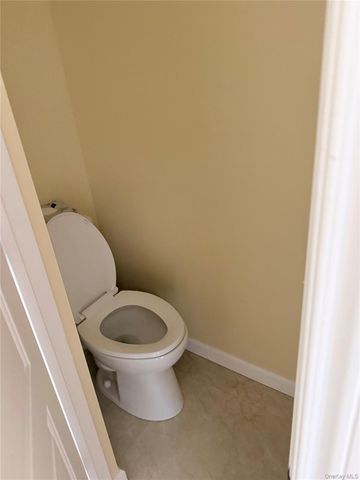 363 Hewlett Parkway, Hewlett, NY 11557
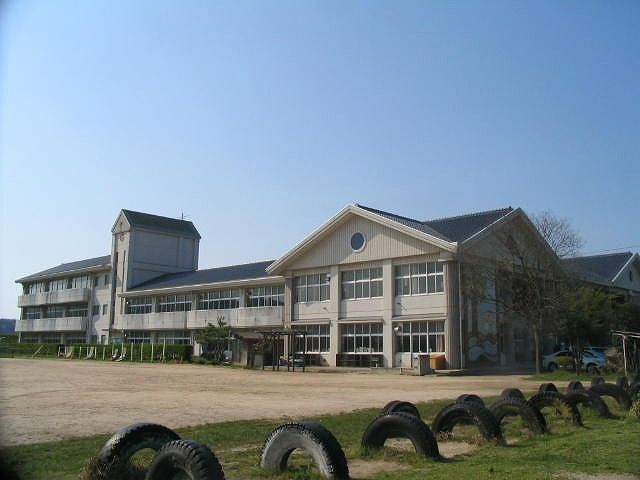 近くの倉吉市立河北小学校まで1,400m（徒歩18分）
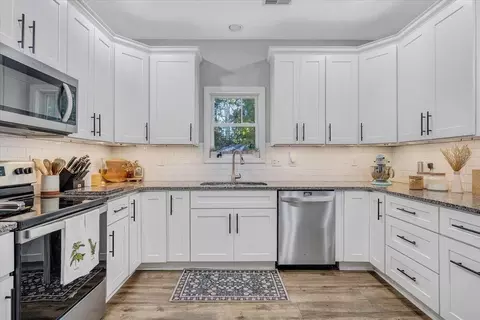 Kitchen - 4269 Daugherty Rd, Salem, VA 24153 photo 3 of 4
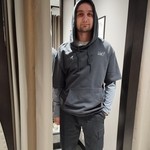 Andrew, 32 (3 , 0 )
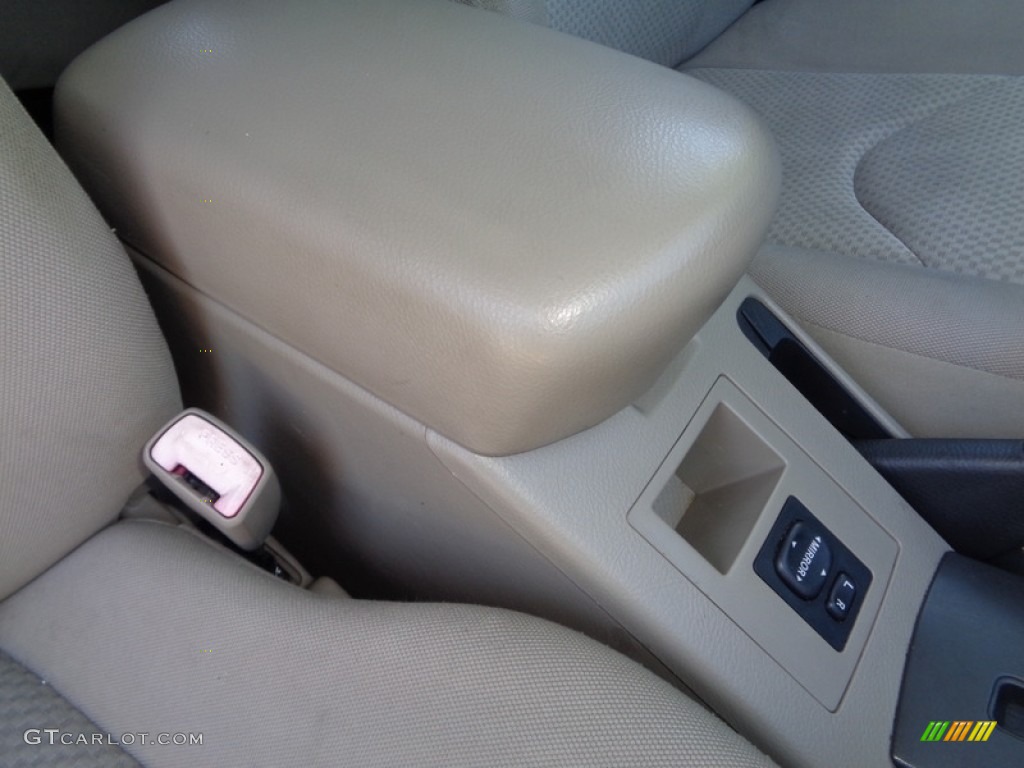 2006 RAV4  - Everglade Metallic / Taupe photo #16
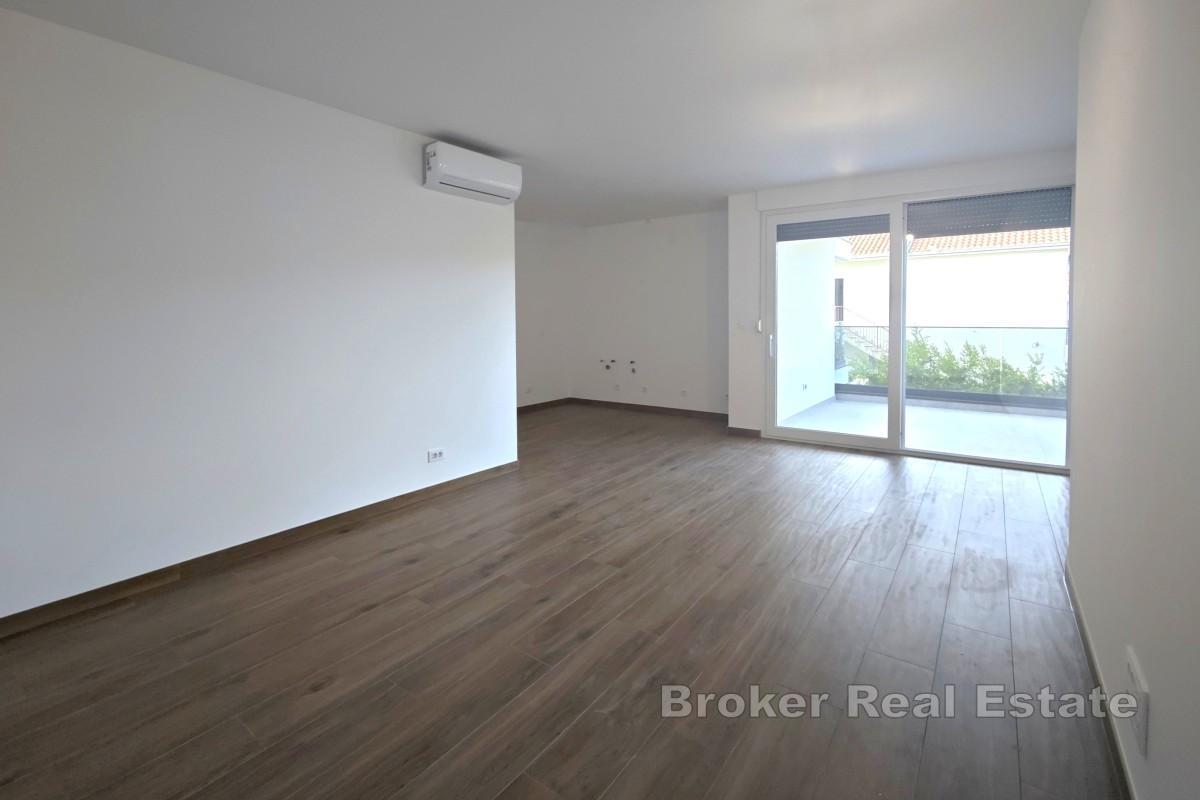 Novostavba - apartmán v centru města s parkováním, blízko moře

········

Starting with the line that contains "近くの倉吉市立河北小学校まで1,400m（徒歩18分）", copy every line word for word through the end of the listing above, but leave out the pictures.

RESPONSE AREA —
 近くの倉吉市立河北小学校まで1,400m（徒歩18分）
 Kitchen - 4269 Daugherty Rd, Salem, VA 24153 photo 3 of 4
 Andrew, 32 (3 , 0 )
 2006 RAV4  - Everglade Metallic / Taupe photo #16
 Novostavba - apartmán v centru města s parkováním, blízko moře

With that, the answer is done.